News | April 16, 2015

Molecular Diagnostic Surveillance Increases Accuracy of Identification of Rejection in Heart Transplant Recipients

Further Analyses from CARGO II at ISHLT Characterize Utility of cfDNA and Impact on Monitoring Heart Transplant Recipients on Rejection Medication

April 16, 2015 — CareDx Inc., a molecular diagnostics company focused on the development and commercialization of clinically differentiated, high-value, non-invasive surveillance solutions for transplant recipients, announced new evidence that the proportion of cell-free DNA (cfDNA) derived from the transplanted organ and found in the bloodstream of the recipient is correlated to the rejection status of the organ. This new biomarker (cfDNA) in combination with AlloMap, the company's molecular diagnostic surveillance solution, provides greater accuracy of identification of rejection in heart transplant recipients than either test alone.
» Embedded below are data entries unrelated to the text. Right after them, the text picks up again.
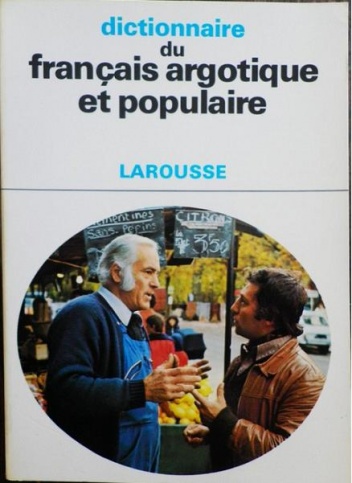 Okładka: François Caradec - Dictionnaire du français argotique et populaire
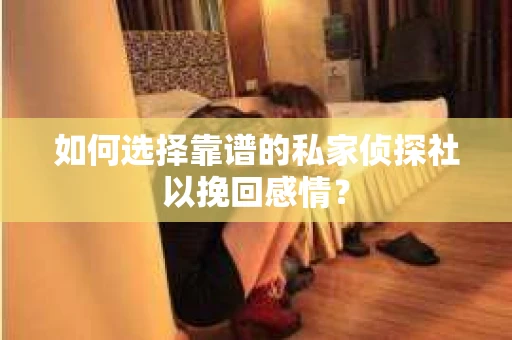 如何选择靠谱的私家侦探社以挽回感情？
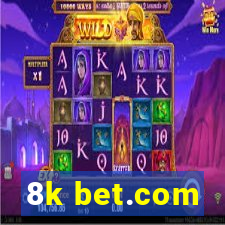 8k bet.com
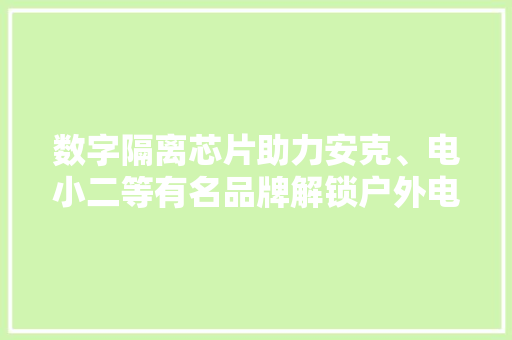 数字隔离芯片助力安克、电小二等有名品牌解锁户外电源无限可能,隔离安全栅。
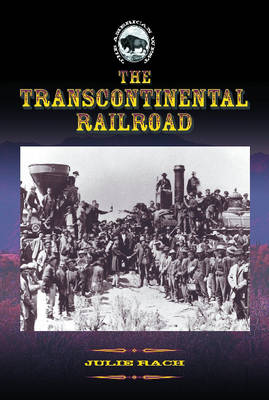 Book cover for The Transcontinental Railroad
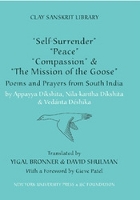 Book Cover for “Self-Surrender,” “Peace,” “Compassion,” and the “Mission of the Goose” by David Shulman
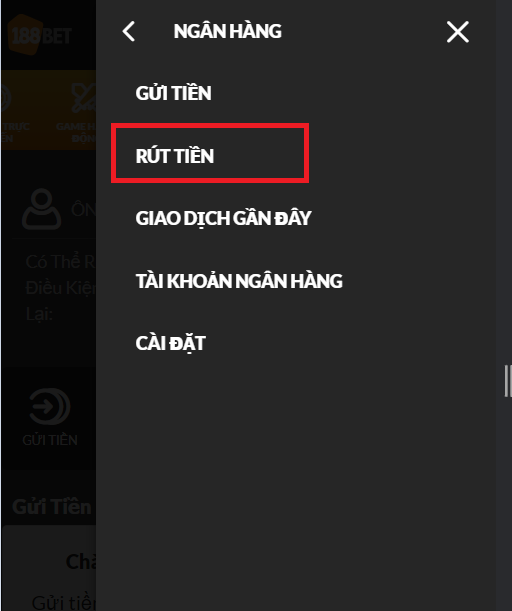 Chọn rút tiền Hướng Dẫn Rút Tiền 188bet Về Tài Khoản Ngân Hàng Thành Công 100%
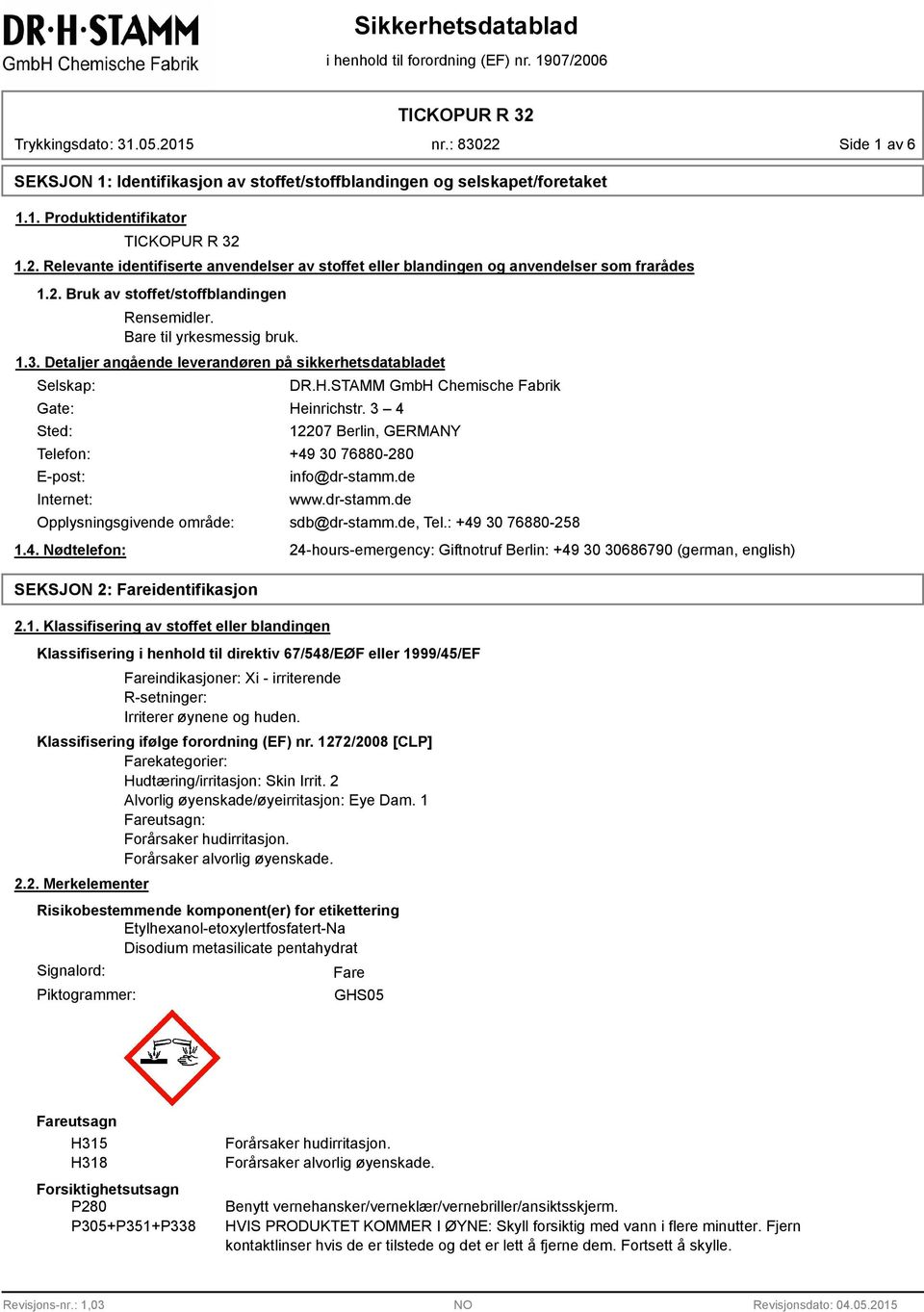 Detaljer angående leverandøren på sikkerhetsdatabladet Selskap: Gate: Sted: DR.H.STAMM GmbH Chemische Fabrik Heinrichstr.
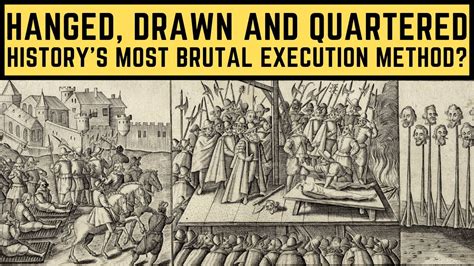 Hanged, drawn and quartered .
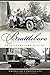 Brattleboro: Historically Speaking (American Chronicles)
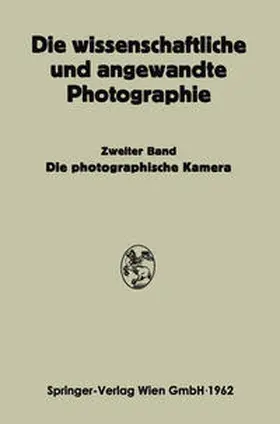 Stüper / Michel |  Die Photographische Kamera | eBook | Sack Fachmedien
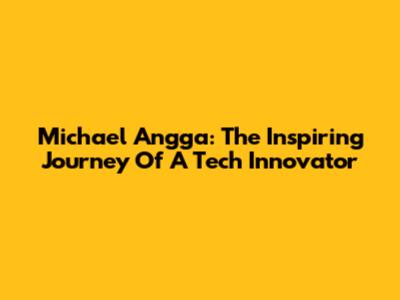 Michael Angga: The Inspiring Journey Of A Tech Innovator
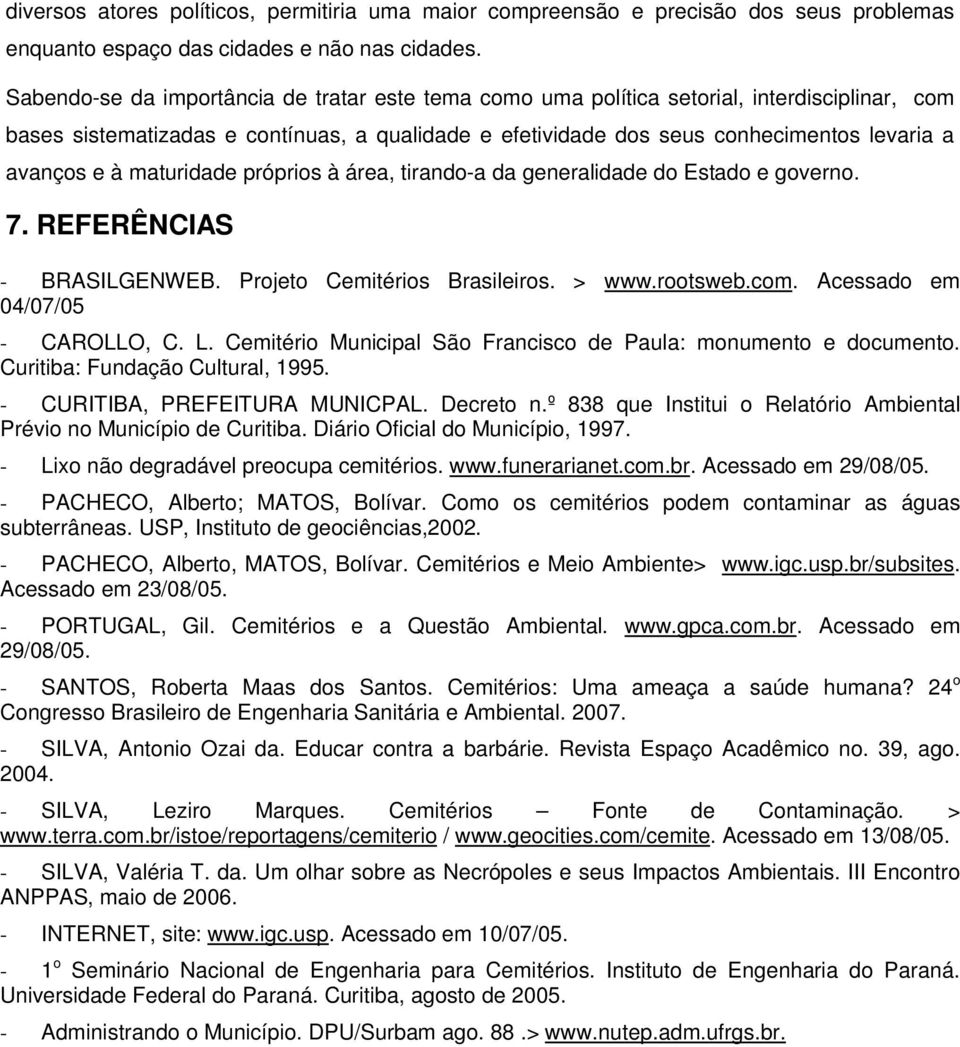 à maturidade próprios à área, tirando-a da generalidade do Estado e governo. 7. REFERÊNCIAS - BRASILGENWEB. Projeto Cemitérios Brasileiros. > www.rootsweb.com. Acessado em 04/07/05 - CAROLLO, C. L.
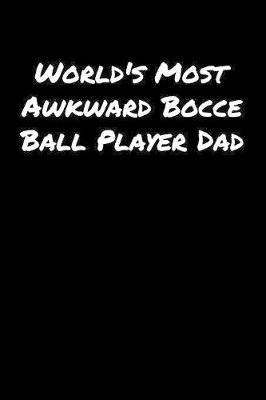 World's Most Awkward Bocce Ball Player Dad by Standard Booklets image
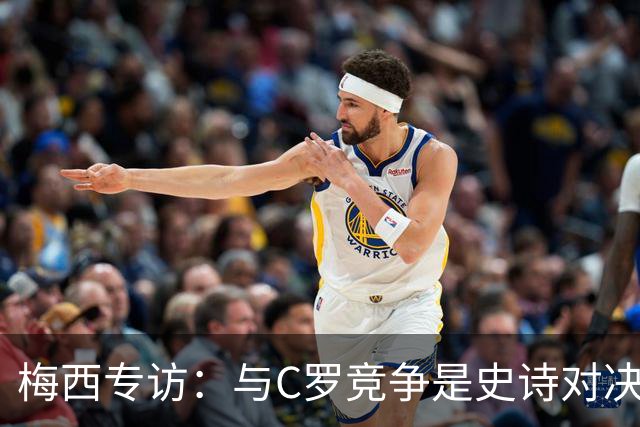 梅西专访：与C罗竞争是史诗对决 不再考虑争金球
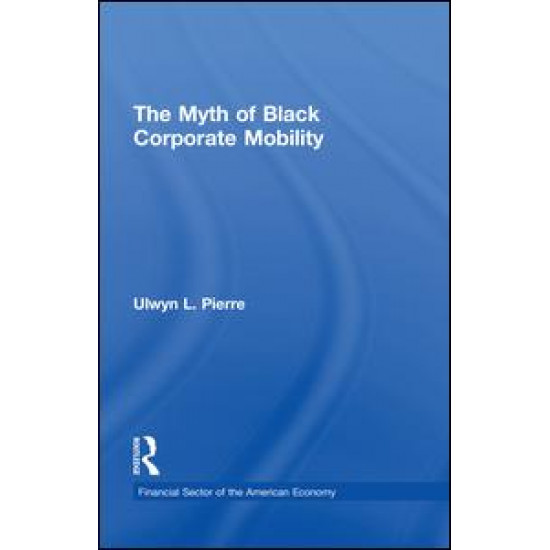 The Myth of Black Corporate Mobility
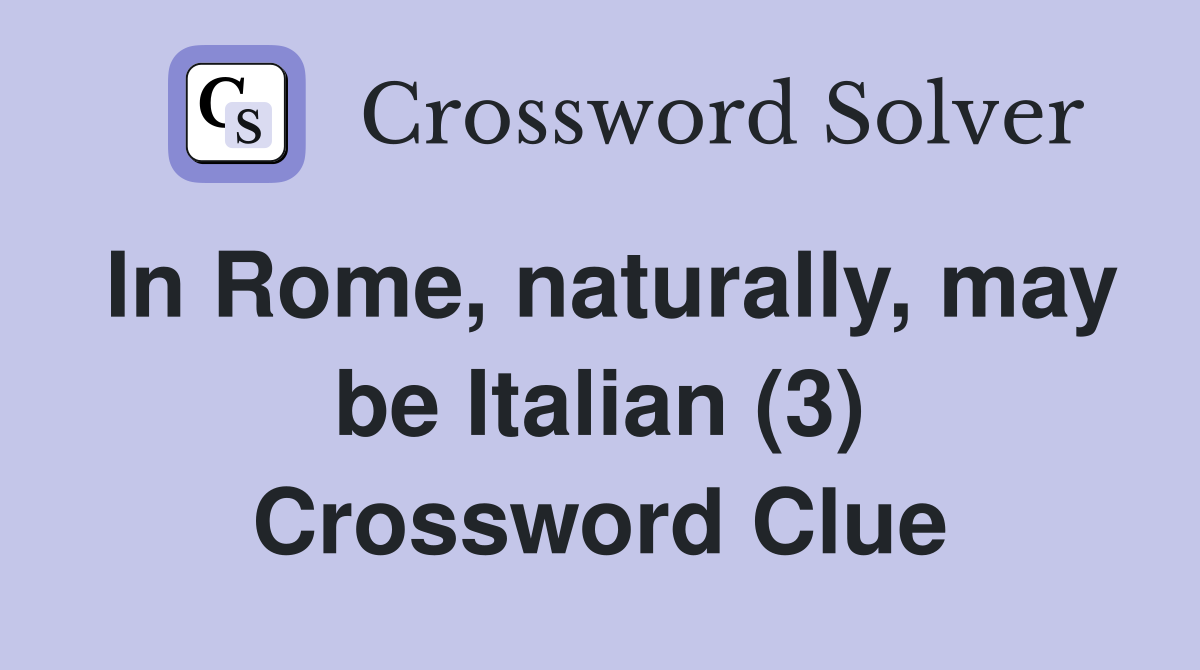 In Rome, naturally, may be Italian (3) Crossword Clue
The analyses of blood samples from a subset of patients from the multicenter Cardiac Allograft Rejection Gene expression Observational study II  (CARGO II) heart transplant observational study represent the first time that researchers have measured  both cfDNA and gene expression profiles (AlloMap)  in blood samples  taken from the same patients. Dr. Maria G. Crespo-Leiro, a cardiologist from Hospital Universitario A Coru?a in Spain, presented the results today at the 35th Annual Meeting and Scientific Sessions of the International Society for Heart and Lung Transplantation (ISHLT) held in Nice, France.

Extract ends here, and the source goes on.